Captioned web images:
────
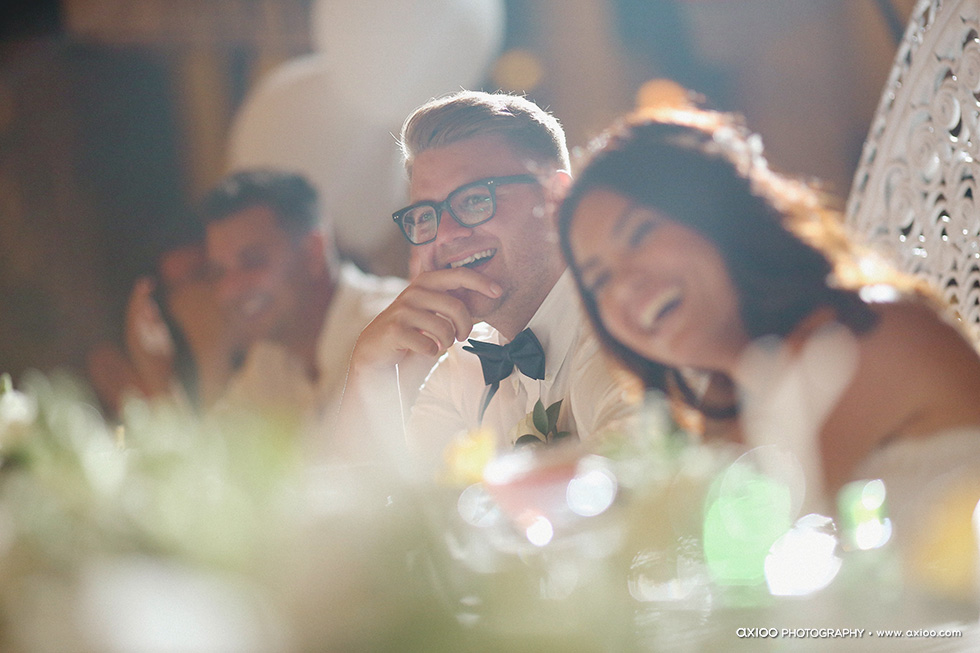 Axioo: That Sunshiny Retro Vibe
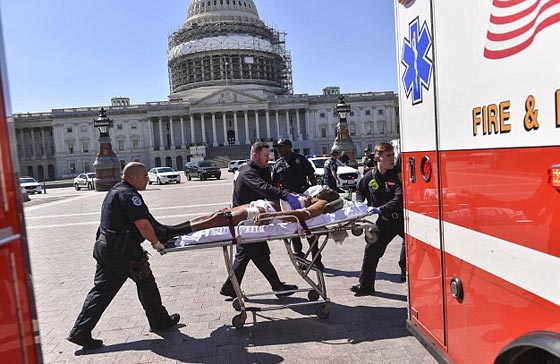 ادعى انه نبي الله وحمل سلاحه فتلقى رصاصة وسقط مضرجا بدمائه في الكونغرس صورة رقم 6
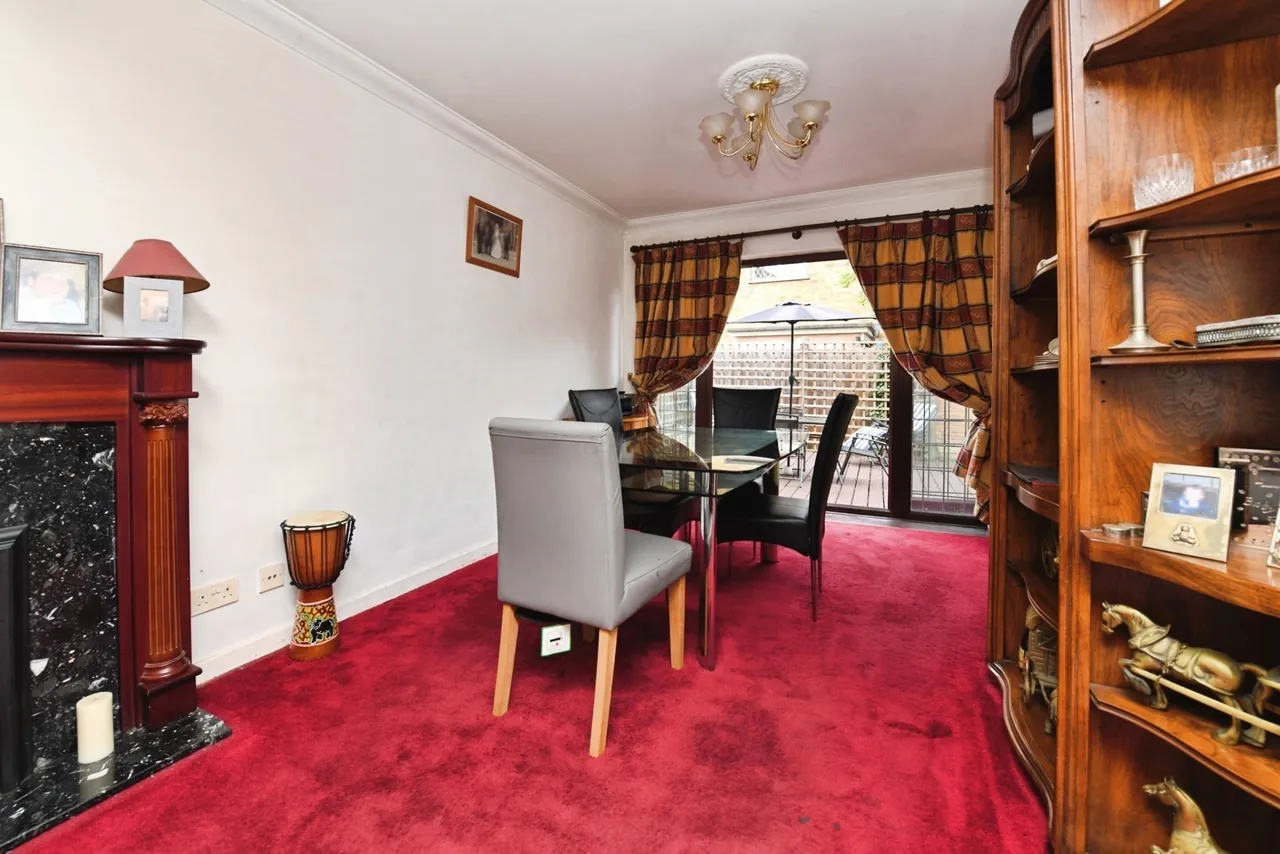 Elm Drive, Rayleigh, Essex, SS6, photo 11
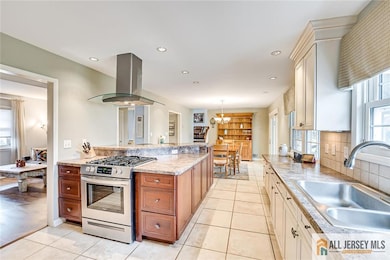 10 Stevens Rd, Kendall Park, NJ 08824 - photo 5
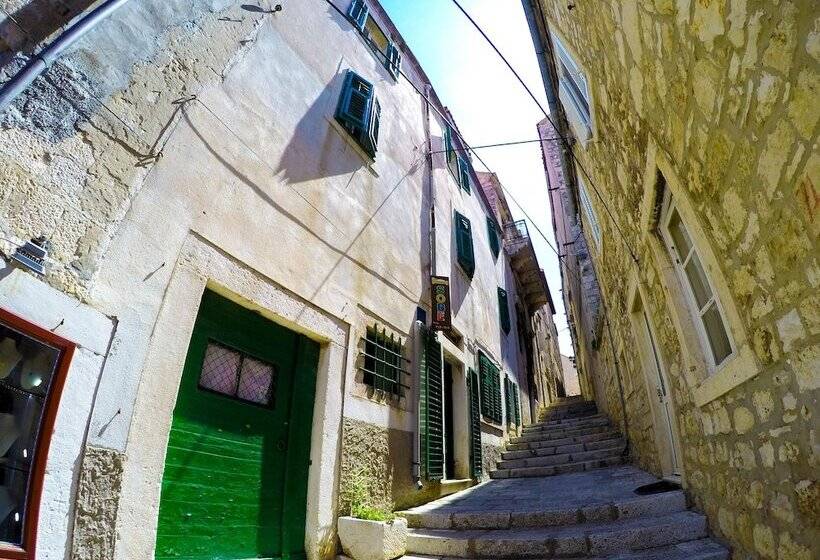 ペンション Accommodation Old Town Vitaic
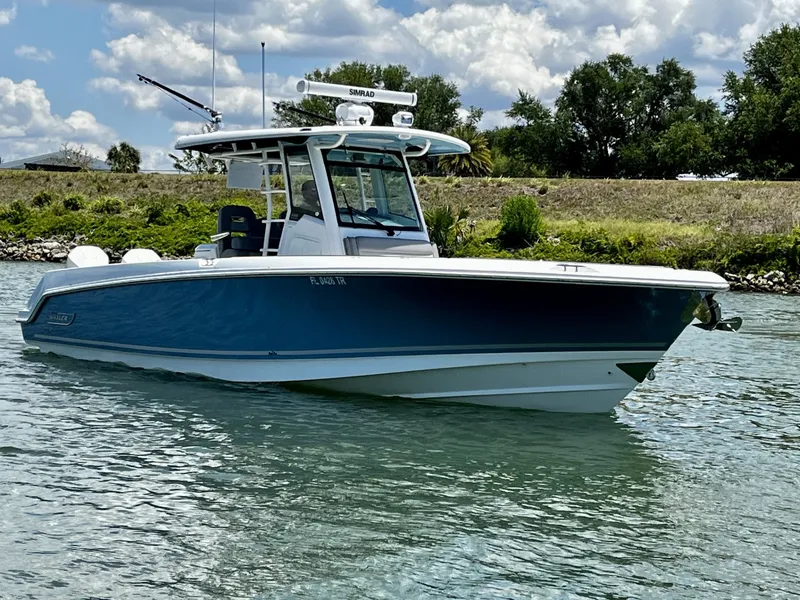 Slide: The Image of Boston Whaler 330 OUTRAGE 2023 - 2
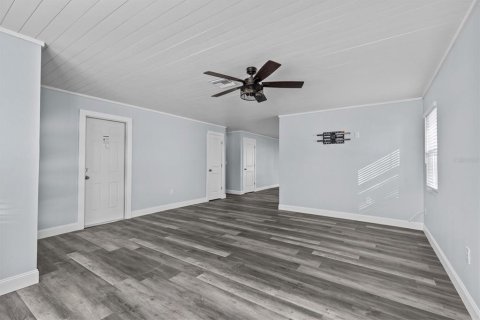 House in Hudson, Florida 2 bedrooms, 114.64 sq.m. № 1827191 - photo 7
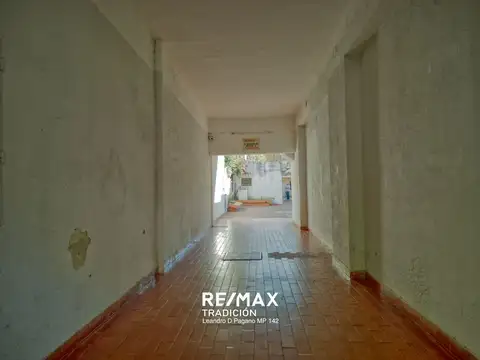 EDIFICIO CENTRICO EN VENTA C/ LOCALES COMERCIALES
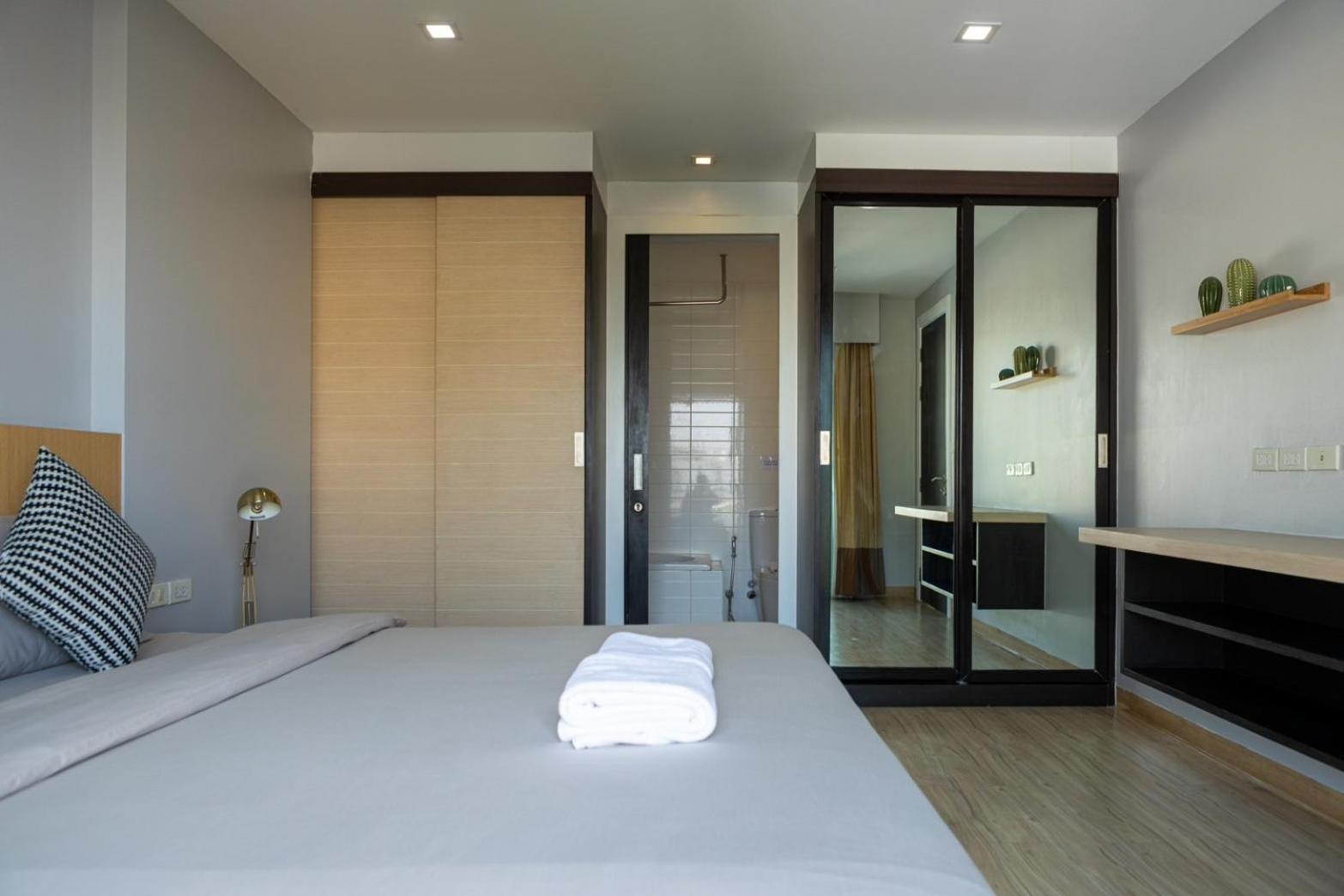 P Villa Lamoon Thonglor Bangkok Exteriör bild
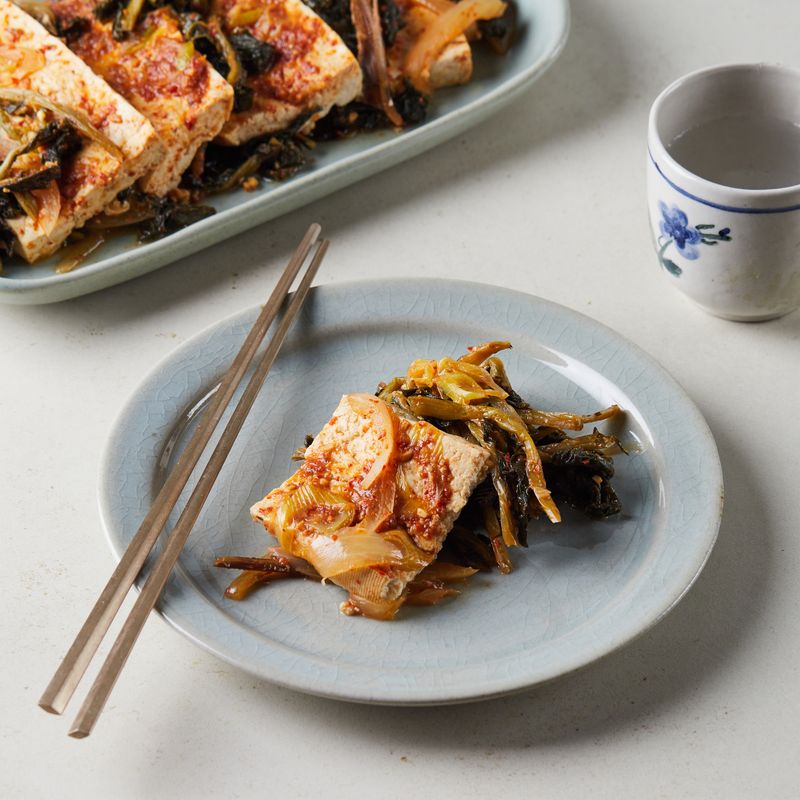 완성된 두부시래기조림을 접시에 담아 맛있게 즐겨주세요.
────
> _What is needed_:
What you return must match the entries above exactly, apart from the pictures, which are left out.

> _Exercise result_:
 Axioo: That Sunshiny Retro Vibe
 ادعى انه نبي الله وحمل سلاحه فتلقى رصاصة وسقط مضرجا بدمائه في الكونغرس صورة رقم 6
 Elm Drive, Rayleigh, Essex, SS6, photo 11
 10 Stevens Rd, Kendall Park, NJ 08824 - photo 5
 ペンション Accommodation Old Town Vitaic
 Slide: The Image of Boston Whaler 330 OUTRAGE 2023 - 2
 House in Hudson, Florida 2 bedrooms, 114.64 sq.m. № 1827191 - photo 7
 EDIFICIO CENTRICO EN VENTA C/ LOCALES COMERCIALES
 P Villa Lamoon Thonglor Bangkok Exteriör bild
 완성된 두부시래기조림을 접시에 담아 맛있게 즐겨주세요.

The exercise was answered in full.